Yale paleontologist Othniel Charles Marsh called such birds “Odontornithes.” The term is regarded as obsolete now, but it still has a ring to it. The loon-like Hesperornis and the seabird Ichthyornis, found in the ancient chalk of a vanished Cretaceous sea and described by Marsh in 1880, provided intellectual ammunition to Thomas Henry Huxley and other naturalists who saw an undeniable connection between reptiles and birds. Huxley didn’t believe such birds were on the direct line of descent from ancient reptiles and birds of modern aspect, but fossils such as the early birds Archaeopteryx and the later Hesperornis showed that such a transition was possible.
Paleontologists have discovered multiple forms of toothed birds since Marsh’s day. The structures vary in minor detail from species to species, but, for the most part, fossil bird teeth were relatively smooth and simple – useful for snatching fish or crunching insects, but not slicing up carcasses or chewing. In the latest issue of the Journal of Vertebrate Paleontology, though, Jingmai O’Connor and coauthors describe a new genus of fossil bird with unusual teeth not quite like any seen before.
Named Sulcavis geeorum, the 121-125 million year old bird was an enantiornithine. This totally extinct group was a radiation of unusual birds that were developing dental specializations while other avian lineages were losing their teeth. Indeed, Sulcavis expands the range of apparent niches these birds occupied by virtue of its “robust” teeth, marked by long grooves running down the side. No bird has ever been found with such ornamented teeth.

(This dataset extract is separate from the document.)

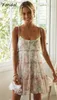 Kwiatowy Drukuj Boho Sundress Kobiety Wzburzyć Letnia Suknia Casual Beach Krótki Kwiat Vintage Moda Odzież 210427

O’Connor and colleagues stress that we need additional specimens to better understand the nature of Sulcavis. For one thing, it’s difficult to say whether the bird’s distinctive teeth were an abnormality or a “true feature.” But suppose that the stout, grooved teeth were an actual trait that evolved in this lineage of archaic birds. What was Sulcavis eating with its odd teeth?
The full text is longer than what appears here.